MEXICO CITY -- Some 54 percent of Mexicans who emigrated to the United States have no thought of returning to their native land, even though they foresee difficult times ahead because of the economic situation, according to a survey published Friday in the daily Reforma.
On the contrary, 41 percent say they are thinking of returning or know someone who is ready to do so.
The United States is home to some 12 million Mexicans, roughly half of them undocumented. More than 90 percent of Mexicans who have emigrated live in the nation to the north.
The great majority, 96 percent, of those who returned to Mexico during the Christmas holidays were on vacation, while only 2 percent came back to stay.
Of every 100 Mexicans who have emigrated to the United States, 77 believe that this year it will be harder to find work compared with 2008, and describe the crisis as grave.
Even so, 49 percent believe that things are going well or very well in the United States, while 46 percent say the situation is bad and 3 percent describe it as fair.
The economy is the United States' main problem for 47 percent, followed by unemployment for 28 percent and racism for 4 percent.
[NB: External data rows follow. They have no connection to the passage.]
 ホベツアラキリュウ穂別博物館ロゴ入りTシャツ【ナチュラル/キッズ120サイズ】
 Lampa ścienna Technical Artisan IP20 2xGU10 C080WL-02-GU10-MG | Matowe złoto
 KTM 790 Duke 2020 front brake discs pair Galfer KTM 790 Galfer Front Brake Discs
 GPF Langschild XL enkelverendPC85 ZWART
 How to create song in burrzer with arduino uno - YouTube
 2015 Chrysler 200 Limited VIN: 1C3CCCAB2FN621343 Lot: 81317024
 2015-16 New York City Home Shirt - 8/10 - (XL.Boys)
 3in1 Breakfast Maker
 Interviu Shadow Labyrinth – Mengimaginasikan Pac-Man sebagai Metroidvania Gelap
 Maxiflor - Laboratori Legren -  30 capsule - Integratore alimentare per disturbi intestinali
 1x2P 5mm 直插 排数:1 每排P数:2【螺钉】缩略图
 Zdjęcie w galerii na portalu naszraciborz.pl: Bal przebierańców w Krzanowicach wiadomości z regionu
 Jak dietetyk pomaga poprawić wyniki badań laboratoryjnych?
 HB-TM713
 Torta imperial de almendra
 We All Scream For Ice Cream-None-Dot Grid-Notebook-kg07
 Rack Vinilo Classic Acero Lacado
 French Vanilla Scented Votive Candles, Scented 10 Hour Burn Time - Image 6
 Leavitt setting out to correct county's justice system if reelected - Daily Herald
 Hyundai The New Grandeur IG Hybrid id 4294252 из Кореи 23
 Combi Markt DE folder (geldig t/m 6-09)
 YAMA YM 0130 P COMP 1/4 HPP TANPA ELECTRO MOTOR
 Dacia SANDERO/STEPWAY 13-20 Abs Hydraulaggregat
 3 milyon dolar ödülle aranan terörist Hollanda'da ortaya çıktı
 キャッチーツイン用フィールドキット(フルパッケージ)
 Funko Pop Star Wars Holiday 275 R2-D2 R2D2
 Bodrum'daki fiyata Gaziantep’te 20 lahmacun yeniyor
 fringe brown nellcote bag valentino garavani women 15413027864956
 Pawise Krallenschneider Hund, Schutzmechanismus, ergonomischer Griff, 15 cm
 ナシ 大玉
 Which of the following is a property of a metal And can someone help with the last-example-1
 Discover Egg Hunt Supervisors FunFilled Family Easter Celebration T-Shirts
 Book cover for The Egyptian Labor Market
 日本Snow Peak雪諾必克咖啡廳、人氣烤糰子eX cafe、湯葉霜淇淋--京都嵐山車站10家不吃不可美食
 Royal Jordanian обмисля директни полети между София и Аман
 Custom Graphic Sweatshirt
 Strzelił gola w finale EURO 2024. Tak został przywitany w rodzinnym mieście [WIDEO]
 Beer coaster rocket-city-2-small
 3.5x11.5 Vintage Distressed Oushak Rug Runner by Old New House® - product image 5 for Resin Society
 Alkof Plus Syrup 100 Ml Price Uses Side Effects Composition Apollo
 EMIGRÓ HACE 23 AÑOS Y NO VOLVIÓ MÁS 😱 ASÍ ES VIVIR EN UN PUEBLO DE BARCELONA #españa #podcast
And 61 percent trust that under the administration of the next president, Barack Obama, the long-awaited immigration reform will probably be enacted, although 33 percent dismiss the possibility.
Fifty-six percent of Mexican migrants in the United States describe their opinion of Obama as positive, compared with 13 percent who approve of outgoing-President George W. Bush.
With regard to Mexican President Felipe Calderon, 72 out of every 100 emigrants approve of his administration, with 9 percent expressing a negative perception and 19 percent with no opinion.
The poll was carried out Dec. 20-21 among 522 returning emigrants at various locations along the Mexico-U.S. border.
Remittances from emigrants working in the United States constitute Mexico's second-biggest source of revenue after oil exports.
After growing at a 15 percent annual rate during the first six years of this decade, the flow of remittances slowed sharply in 2007 and 2008.
In 2007, Mexico received $23.97 billion in remittances, up just 1 percent from the 2006 level, while the $19.97 billion emigrants sent home during the first 10 months of this year represents a decline of 1.92 percent from the same period in 2007.